Aim of the task: Look through the entries below and copy exactly the part that begins with the line containing "John Deere 3400" and ends with the line containing "91家纺网 家纺一手货源 找家纺". Do not copy the pictures.

Information provided:
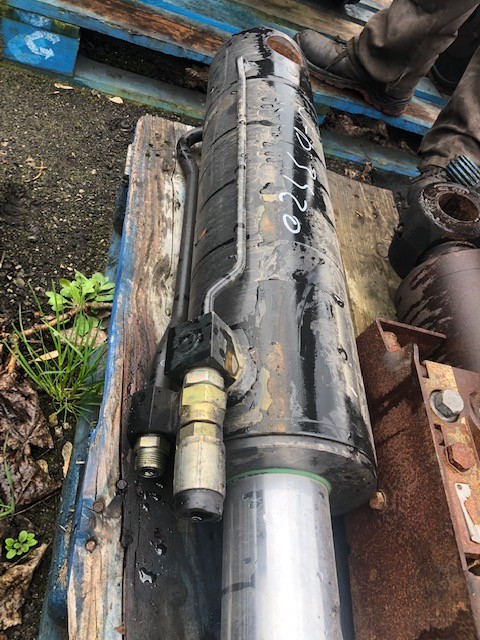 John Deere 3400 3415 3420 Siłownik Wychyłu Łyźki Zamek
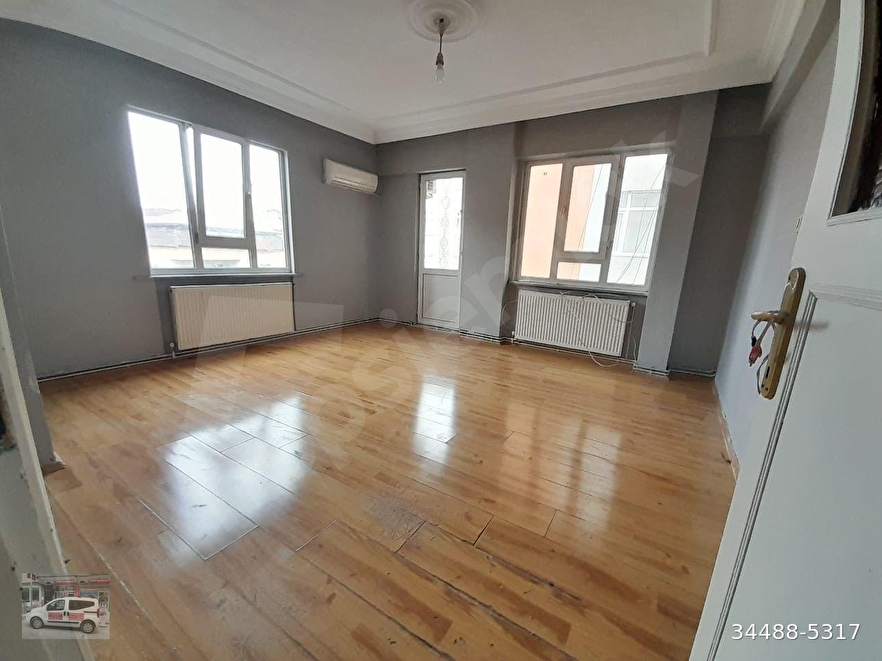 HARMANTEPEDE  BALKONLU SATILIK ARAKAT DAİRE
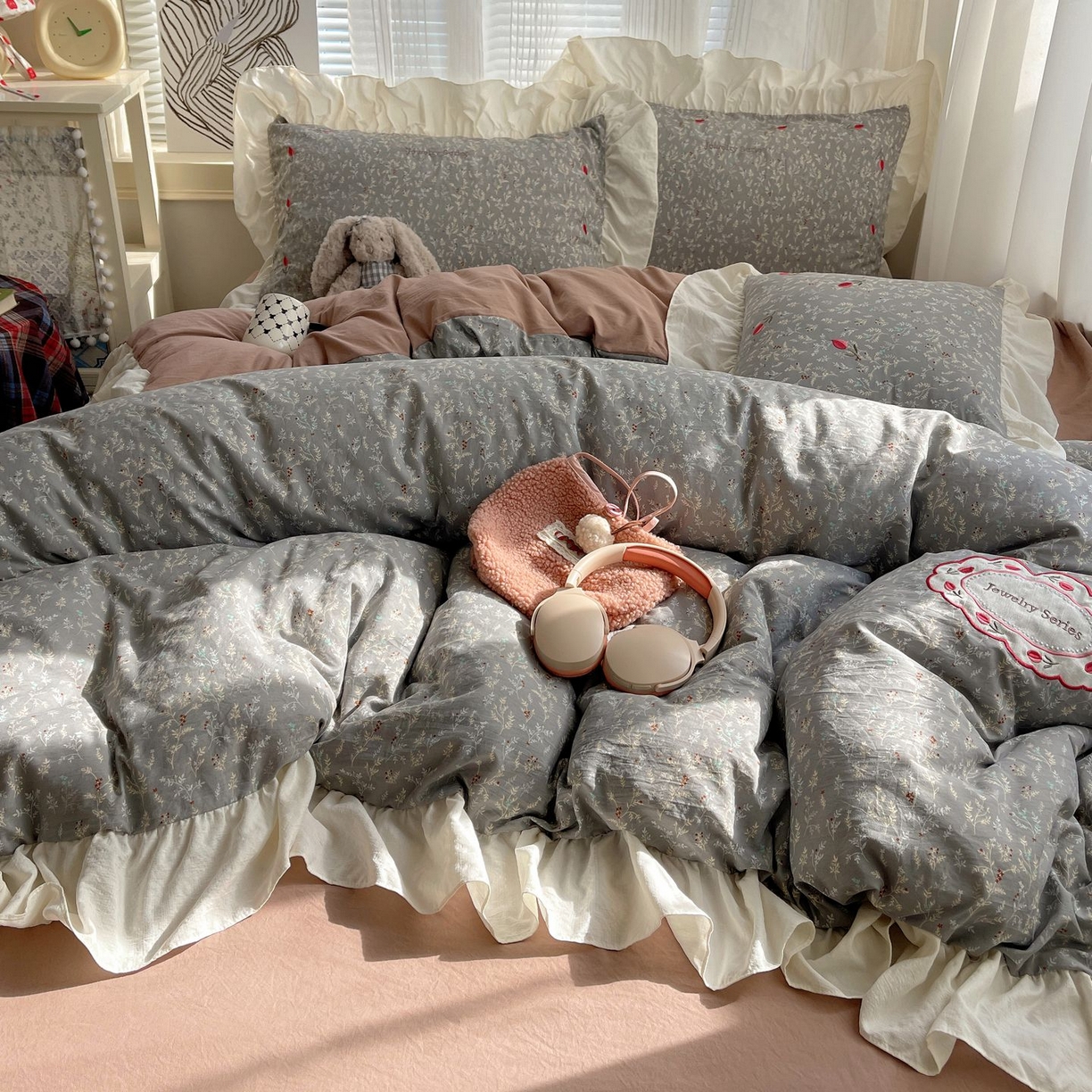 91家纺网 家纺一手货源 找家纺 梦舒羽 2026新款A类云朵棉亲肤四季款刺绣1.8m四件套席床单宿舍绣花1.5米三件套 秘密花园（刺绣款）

==

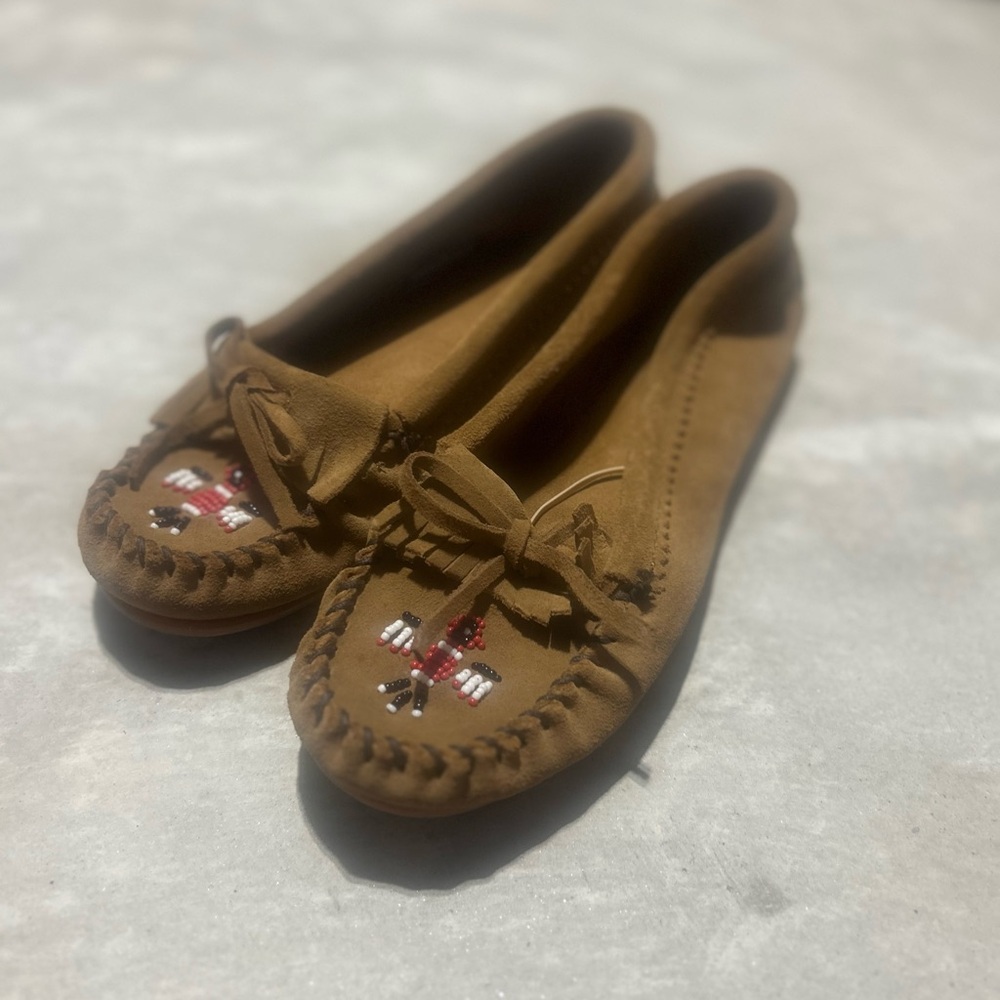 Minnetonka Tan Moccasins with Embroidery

Output of the exercise:
 John Deere 3400 3415 3420 Siłownik Wychyłu Łyźki Zamek
 HARMANTEPEDE  BALKONLU SATILIK ARAKAT DAİRE
 91家纺网 家纺一手货源 找家纺 梦舒羽 2026新款A类云朵棉亲肤四季款刺绣1.8m四件套席床单宿舍绣花1.5米三件套 秘密花园（刺绣款）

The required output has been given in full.